Work instructions: The range starts at the line containing "爱游戏体育曾是歌坛一代天王，却沦为臭名昭著的台独分子，今家破人亡下场惨" and ends at the last line of the records below. Reproduce those lines exactly.
■ ■ ■ ■ ■
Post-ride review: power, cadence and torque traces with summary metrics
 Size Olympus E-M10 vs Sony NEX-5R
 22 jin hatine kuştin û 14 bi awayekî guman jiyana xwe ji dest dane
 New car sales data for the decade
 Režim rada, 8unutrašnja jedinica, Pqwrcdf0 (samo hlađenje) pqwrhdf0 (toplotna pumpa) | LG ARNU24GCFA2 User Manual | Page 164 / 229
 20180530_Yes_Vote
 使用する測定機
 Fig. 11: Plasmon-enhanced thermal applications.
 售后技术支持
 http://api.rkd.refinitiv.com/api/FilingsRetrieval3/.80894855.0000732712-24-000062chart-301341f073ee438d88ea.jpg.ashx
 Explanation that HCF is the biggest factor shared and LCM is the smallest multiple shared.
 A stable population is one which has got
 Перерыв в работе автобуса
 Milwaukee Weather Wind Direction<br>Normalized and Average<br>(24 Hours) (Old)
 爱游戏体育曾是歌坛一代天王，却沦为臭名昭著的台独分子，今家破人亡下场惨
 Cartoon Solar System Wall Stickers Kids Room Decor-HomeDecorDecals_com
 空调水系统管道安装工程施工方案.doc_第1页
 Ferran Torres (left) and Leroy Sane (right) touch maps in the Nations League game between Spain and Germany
■ ■ ■ ■ ■
Task output:
 爱游戏体育曾是歌坛一代天王，却沦为臭名昭著的台独分子，今家破人亡下场惨
 Cartoon Solar System Wall Stickers Kids Room Decor-HomeDecorDecals_com
 空调水系统管道安装工程施工方案.doc_第1页
 Ferran Torres (left) and Leroy Sane (right) touch maps in the Nations League game between Spain and Germany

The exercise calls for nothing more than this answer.